The parallels go well beyond the principals and the theme of assassination. Henning finds contemporary equivalents even for Shakespeare’s supporting characters. Brutus’ wife, Portia, is now Lady Bird Johnson (Susan Denaker), JFK’s political adversary Casca appears as Allen Dulles (Bruce Nehlsen), Caesar’s wife, Calpurnia, becomes Kennedy’s widow, Jackie (Casey McKinnon), and executive secretary secretary Evelyn Lincoln (Kelie McIver) executes Soothsayer tasking.
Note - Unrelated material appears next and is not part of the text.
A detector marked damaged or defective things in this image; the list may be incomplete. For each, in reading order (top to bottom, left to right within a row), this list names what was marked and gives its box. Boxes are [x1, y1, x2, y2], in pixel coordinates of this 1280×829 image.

Leaving large passages of Shakespeare’s verse intact, the update dovetails closely with the characters’ motives and the tragic events they set in motion — a credit to the universe-straddling abilities of the 17-member cast. Even more impressive is the Texas drawl Winters’ LBJ layers onto the meter (the Kennedy brothers also).
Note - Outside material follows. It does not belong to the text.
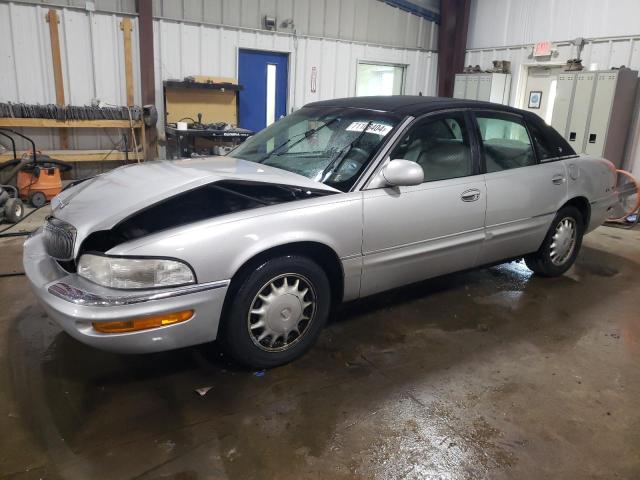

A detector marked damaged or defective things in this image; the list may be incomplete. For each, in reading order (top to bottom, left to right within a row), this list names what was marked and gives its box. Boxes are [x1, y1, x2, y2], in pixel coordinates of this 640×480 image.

crumpled hood [52, 158, 338, 240]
The concept stretches a bit thin during the period of social upheaval following JFK’s assassination, in which the civil rights and anti-war movements are only analogous. Nevertheless, Henning neatly ties it all back to the source with LBJ’s political (rather than literal) suicide, infusing Shakespeare’s text with the heightened emotional and visceral impact of a still-gaping national trauma.


“The Tragedy of JFK (as Told by Wm. Shakespeare)”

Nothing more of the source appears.